In an attempt to console Lir, Dearg sent Aoife, one of his other daughters, to wed Lir. Lir, however, was so enamoured with his children that he did not give Aoife the attention she desired. This made her bitter and angry. To get her revenge on Lir, she cursed his four children to become swans for 900 years; 300 years in Lough Derravaragh near their father, 300 years in the sea of Moyle and 300 years in the waters of Irrus Domnann. The curse would be undone when a king’s son from the north married a king’s daughter from the south.

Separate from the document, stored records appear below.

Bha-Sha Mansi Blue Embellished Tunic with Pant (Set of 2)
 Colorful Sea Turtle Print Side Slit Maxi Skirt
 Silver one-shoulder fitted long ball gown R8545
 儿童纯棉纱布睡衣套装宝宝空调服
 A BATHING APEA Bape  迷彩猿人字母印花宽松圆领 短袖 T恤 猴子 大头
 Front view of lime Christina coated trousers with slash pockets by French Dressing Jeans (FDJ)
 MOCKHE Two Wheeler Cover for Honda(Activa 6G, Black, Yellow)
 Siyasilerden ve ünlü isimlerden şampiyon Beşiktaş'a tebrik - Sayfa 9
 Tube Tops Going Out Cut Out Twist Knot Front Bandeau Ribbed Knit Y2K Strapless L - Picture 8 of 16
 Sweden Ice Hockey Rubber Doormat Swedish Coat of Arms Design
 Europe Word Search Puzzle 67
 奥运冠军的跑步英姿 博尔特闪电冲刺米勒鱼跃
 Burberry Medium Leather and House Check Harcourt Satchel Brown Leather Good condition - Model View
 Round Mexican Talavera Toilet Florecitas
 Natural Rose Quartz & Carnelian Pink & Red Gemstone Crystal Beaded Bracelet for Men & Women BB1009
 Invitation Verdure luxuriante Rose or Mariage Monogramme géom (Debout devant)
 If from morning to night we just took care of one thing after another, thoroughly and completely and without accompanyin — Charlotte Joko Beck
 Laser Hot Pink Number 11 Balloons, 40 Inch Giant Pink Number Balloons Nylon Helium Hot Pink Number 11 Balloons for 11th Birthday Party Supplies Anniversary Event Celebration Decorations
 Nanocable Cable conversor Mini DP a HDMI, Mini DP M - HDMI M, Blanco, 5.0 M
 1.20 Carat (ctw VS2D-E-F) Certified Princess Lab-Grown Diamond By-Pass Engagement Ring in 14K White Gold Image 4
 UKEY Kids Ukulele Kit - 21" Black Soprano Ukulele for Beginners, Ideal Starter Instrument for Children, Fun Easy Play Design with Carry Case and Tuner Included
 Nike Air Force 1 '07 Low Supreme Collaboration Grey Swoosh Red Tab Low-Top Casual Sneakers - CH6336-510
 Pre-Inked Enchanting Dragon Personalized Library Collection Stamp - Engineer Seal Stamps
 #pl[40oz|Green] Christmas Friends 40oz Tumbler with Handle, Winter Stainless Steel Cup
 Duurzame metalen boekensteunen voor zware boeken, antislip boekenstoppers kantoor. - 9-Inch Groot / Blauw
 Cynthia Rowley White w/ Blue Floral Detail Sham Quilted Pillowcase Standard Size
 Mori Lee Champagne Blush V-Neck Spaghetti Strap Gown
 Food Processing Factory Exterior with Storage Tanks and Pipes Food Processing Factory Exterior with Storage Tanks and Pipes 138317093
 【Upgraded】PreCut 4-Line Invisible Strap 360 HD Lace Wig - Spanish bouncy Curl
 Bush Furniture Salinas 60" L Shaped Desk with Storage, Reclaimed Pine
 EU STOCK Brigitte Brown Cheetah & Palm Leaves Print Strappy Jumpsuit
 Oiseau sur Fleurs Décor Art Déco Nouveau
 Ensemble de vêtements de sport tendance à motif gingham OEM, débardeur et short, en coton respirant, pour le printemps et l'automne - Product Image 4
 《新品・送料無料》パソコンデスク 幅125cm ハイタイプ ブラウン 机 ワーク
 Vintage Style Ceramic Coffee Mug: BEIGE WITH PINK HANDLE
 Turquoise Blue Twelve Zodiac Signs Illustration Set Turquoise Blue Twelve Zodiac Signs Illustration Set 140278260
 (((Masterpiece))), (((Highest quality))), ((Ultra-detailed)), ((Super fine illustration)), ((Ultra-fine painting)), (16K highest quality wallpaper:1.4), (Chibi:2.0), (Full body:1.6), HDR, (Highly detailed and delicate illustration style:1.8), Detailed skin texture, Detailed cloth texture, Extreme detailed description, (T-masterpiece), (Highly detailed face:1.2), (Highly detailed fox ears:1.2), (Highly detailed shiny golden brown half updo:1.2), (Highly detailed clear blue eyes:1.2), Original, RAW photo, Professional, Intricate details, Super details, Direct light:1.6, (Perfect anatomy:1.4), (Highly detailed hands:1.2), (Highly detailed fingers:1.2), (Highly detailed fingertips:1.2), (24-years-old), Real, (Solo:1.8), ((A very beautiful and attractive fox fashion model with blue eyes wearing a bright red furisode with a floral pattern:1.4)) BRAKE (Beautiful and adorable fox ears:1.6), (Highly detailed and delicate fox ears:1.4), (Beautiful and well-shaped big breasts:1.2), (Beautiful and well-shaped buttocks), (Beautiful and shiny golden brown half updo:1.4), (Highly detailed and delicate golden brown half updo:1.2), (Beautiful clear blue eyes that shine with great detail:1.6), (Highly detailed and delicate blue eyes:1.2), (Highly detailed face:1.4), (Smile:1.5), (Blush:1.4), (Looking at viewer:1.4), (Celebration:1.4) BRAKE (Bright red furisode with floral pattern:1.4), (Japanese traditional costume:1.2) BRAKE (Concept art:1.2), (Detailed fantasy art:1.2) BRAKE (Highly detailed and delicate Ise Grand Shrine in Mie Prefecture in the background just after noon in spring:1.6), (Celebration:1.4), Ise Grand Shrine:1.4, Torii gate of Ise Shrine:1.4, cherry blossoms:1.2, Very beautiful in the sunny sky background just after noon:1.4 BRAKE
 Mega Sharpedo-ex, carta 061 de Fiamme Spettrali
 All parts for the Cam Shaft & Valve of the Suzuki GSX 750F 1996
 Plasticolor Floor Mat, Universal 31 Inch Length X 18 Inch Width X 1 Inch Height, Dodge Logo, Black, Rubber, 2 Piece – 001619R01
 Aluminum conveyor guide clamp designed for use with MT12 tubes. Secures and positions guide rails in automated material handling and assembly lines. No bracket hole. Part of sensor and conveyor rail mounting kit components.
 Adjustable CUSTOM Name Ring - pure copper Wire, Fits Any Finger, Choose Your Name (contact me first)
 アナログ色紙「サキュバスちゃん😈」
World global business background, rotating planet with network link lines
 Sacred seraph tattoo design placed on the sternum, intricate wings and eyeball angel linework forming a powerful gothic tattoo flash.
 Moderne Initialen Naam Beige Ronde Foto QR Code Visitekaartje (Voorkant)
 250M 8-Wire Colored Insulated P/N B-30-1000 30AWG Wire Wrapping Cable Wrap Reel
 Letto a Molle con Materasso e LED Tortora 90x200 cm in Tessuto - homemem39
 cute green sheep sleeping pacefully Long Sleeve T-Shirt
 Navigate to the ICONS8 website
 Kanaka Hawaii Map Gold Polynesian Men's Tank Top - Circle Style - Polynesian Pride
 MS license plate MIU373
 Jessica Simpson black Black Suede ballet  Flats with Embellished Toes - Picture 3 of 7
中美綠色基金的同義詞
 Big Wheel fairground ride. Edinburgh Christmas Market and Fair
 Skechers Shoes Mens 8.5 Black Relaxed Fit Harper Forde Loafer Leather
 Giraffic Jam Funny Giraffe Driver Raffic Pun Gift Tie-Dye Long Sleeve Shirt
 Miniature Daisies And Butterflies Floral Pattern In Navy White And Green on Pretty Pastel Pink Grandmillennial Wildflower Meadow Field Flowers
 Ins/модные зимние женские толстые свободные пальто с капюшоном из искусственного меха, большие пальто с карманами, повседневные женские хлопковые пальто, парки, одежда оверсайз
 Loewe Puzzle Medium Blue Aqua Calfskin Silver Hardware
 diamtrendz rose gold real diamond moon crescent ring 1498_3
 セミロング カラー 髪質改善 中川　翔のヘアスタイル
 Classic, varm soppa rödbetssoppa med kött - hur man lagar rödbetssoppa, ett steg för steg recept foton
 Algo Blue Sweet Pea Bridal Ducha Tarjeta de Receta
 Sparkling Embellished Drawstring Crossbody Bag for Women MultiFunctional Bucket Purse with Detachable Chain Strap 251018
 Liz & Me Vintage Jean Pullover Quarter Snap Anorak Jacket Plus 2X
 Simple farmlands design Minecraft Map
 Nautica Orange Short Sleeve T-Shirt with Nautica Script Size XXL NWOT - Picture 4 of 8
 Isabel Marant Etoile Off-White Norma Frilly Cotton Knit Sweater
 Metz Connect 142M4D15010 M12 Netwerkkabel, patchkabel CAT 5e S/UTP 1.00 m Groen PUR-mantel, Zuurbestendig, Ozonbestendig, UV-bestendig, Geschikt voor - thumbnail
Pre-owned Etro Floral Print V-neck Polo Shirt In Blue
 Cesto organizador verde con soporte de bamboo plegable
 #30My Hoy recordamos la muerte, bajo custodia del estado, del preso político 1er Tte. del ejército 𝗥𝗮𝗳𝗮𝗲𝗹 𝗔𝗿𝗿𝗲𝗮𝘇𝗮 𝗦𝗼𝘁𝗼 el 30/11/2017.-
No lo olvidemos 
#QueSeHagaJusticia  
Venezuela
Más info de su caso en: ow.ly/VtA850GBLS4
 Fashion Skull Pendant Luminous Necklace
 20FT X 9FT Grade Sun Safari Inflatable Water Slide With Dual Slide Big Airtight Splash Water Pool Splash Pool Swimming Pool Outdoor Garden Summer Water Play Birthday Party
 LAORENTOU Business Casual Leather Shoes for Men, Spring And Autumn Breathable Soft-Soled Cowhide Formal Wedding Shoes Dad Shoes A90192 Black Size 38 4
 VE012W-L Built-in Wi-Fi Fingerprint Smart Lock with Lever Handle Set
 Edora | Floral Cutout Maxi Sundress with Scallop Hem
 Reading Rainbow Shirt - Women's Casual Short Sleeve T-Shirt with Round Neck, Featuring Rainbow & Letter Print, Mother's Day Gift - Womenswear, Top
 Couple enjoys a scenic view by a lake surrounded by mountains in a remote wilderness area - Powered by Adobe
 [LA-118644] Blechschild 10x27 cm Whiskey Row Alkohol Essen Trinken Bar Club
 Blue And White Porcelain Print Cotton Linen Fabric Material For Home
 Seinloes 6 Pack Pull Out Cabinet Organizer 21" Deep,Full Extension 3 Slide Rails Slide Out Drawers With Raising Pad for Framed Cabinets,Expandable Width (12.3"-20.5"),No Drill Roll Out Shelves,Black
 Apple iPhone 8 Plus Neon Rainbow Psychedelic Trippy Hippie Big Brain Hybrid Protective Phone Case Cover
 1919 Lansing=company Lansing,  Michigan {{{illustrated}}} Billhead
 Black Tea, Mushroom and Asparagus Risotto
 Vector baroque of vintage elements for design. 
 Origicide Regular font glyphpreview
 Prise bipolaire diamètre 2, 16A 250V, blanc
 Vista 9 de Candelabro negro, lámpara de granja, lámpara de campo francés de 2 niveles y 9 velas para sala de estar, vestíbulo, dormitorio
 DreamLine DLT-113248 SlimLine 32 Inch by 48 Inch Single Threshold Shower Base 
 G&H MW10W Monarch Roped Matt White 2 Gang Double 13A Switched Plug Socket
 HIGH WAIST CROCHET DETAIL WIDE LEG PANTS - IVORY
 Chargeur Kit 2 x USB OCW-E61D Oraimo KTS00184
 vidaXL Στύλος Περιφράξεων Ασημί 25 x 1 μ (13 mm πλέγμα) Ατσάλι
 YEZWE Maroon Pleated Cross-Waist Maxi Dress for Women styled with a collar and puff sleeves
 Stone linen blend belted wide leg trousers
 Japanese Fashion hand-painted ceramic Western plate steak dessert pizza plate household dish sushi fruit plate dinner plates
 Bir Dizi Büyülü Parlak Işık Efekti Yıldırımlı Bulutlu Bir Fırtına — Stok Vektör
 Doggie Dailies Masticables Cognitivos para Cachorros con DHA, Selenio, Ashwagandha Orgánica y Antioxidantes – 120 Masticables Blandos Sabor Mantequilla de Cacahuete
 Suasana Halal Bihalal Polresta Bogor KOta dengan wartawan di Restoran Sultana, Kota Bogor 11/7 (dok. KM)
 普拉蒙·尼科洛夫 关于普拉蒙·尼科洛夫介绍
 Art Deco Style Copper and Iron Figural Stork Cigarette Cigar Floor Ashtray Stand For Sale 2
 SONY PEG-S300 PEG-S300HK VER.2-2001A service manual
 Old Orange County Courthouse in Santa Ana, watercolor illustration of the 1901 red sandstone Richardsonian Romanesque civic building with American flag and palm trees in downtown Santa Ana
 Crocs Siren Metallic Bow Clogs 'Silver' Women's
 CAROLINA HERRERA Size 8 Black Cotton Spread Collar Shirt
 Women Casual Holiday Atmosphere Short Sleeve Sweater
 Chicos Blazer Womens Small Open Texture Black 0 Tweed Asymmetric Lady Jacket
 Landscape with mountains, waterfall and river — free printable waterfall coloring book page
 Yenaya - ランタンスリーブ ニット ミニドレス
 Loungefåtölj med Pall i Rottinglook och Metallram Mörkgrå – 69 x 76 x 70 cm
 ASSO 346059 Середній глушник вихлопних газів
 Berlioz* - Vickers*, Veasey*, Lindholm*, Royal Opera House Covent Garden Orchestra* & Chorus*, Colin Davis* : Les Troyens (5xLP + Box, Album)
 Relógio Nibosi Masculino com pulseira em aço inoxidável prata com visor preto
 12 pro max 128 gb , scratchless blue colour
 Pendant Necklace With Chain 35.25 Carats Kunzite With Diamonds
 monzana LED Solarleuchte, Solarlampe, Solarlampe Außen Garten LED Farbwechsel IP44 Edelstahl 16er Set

Lir, realising his children were missing, went hunting for them. Eventually, he heard their voices from a river, but to his surprise these voices were coming from 4 swans.
Lir spent the next 300 years with his children, entertaining them to help them forget the fact that they were swans. The time came for the children to move. They bade their father good bye and promised they would return in 600 years.
After a difficult 300 years in the turbulent sea of Moyle, the children were happy to move onto their next and final location. They took a detour to fly over their father’s land only to find that he and his people were no longer there. With heavy hearts they began their final 300 years as swans.
Finally 900 years were up and the swans became human. But they were old and without the magic to sustain them; and therefore sadly died, but not before they could be baptised into the new religion of the land; Christianity.
This cycle contains tales from the first century AD; a time of heroes and warfare. These stories center mainly around heroes within the Ulaid province. Specifically, this cycle tells stories of the King of Ulster; Conchobar mac Nessa, and the warrior Cu Chulainn (also known as Cuchulainn) along with their friends, enemies and lovers. Some characters from the mythological cycle reappear.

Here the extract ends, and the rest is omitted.